The Moorfoot Group currently comprises six beekeepers setting up an isolation Amm mating apiary in the Moorfoot area. We aim to develop approximately 20 Amm colonies to overwinter in the the Edinburgh, West Linton, Gordon, Penicuik and Kirknewton areas. At present we have approximately sixteen queenright Amm and hybrid/ Amm colonies, mostly grafted by us from Amm frames kindly donated by Kate Atchley and John Durkacz  with additionally five grafted Amm queen cells which are awaiting local mating. The locally mated hybrid/ Amm  colonies are to supply Amm drones and will be transferred to Moorfoot next April before local non Amm stowaway drones can hitch a ride.

The philosophy of the group was to site the apiary where no sensible beekeepes would want a colony.

However we have found that if the transferred colonies can manage the harsh springs there is ample forage for a good honey crop that will help the site to be self sustainable. 
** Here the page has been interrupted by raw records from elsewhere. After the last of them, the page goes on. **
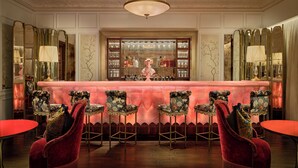 Un espace bar avec une table rouge, des tabourets de bar et un décor mural.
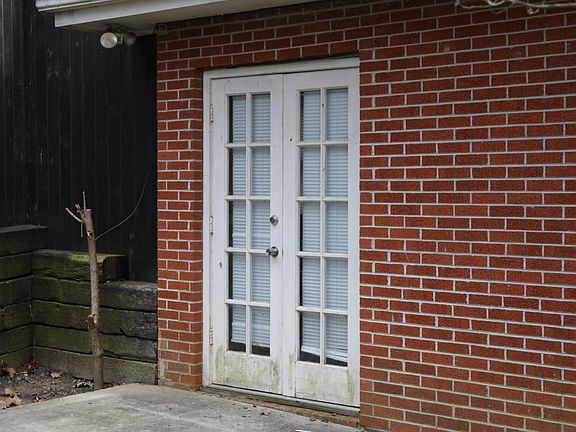 French doors off of back bedroom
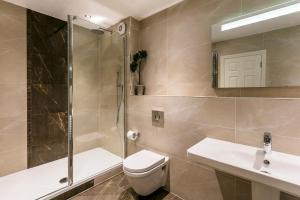 uma casa de banho com um WC, um chuveiro e um lavatório. em The Lodge @ Carus Green em Kendal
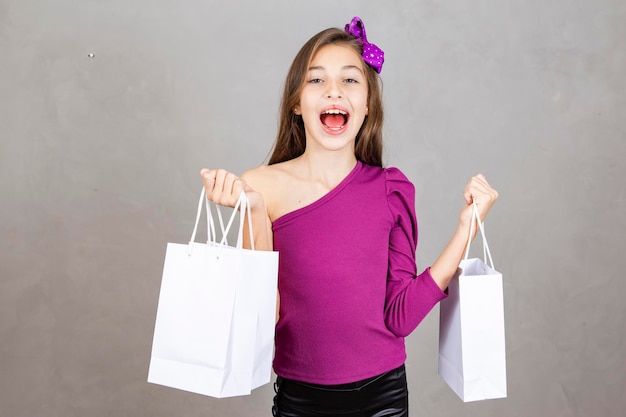 Niña sosteniendo bolsas de compras de pie aislado sobre fondo gris Niña de unos diez años con bolsas de compras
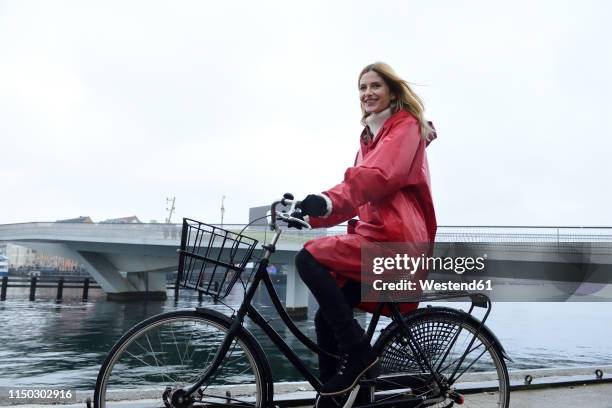 denmark, copenhagen, happy woman riding bicycle at the waterfront in rainy weather - winter denmark stock pictures, royalty-free photos & images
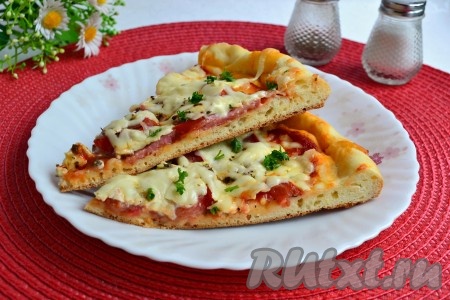 Необычайно вкусную пиццу с помидорами, колбасой и сыром, испеченную в духовке по этому простому рецепту, нарезать и подать к столу в теплом виде. 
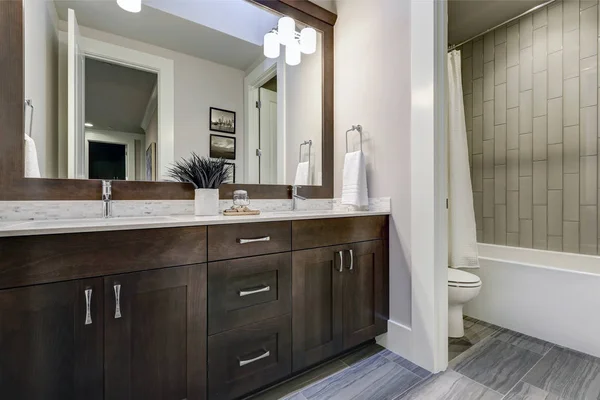 Vita och bruna badrum ståtar med en vrå fylld med dubbel fåfänga — Stockfoto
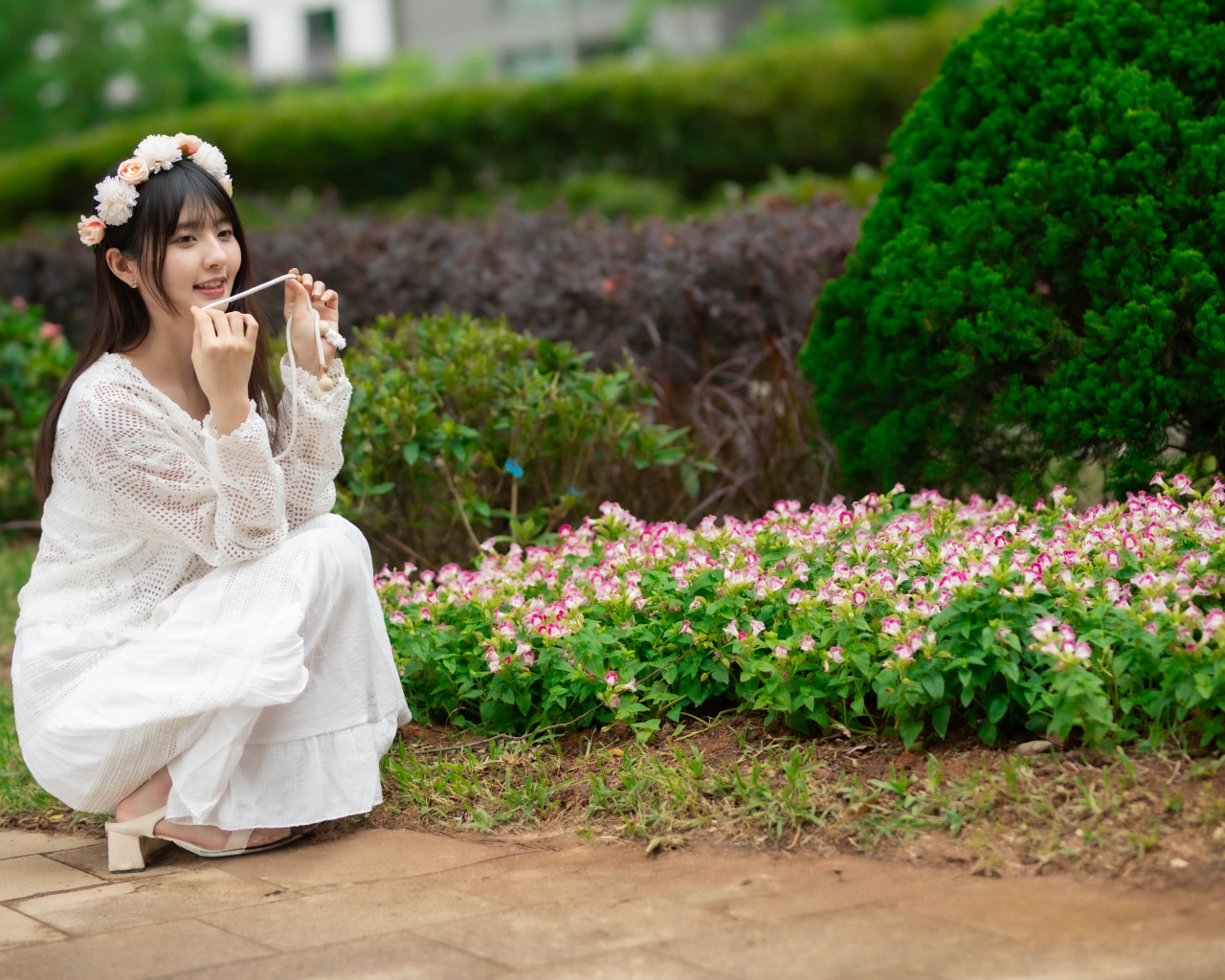 Милая азиатка в белом наряде сидит у клумбы с цветами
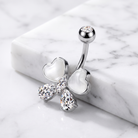 A silver belly button ring featuring a butterfly design with white mother-of-pearl heart wings and clear rhinestone accents, displayed on a white marble block over a white marble surface.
We’re grateful to have recieved a £400 grant from SAMMBA and thank John and Kate for their generous assistance.

Jim Lindsay

SNHBS 4th Annual Meeting

Loch Leven Community Campus, Muir, Kinross – 14 March 2020

By Justine Swinney

Thanks to everyone who attended our Annual meeting on 14 March at the Loch Leven Community Campus in Muir, Kinross.  Considering the uncertain situation we were in just nine days before the full Covid-19 lockdown, we had an impressive turnout; and thank you to everyone for following the guidance at that time in terms of vigilant handwashing etc. 

Jo Widdicombe, President of BIBBA (Bee Improvement and Bee Breeders Association) valiantly journeyed up from Cornwall and gave us two inspiring talks on bee improvement (read more about Jo’s presentation here).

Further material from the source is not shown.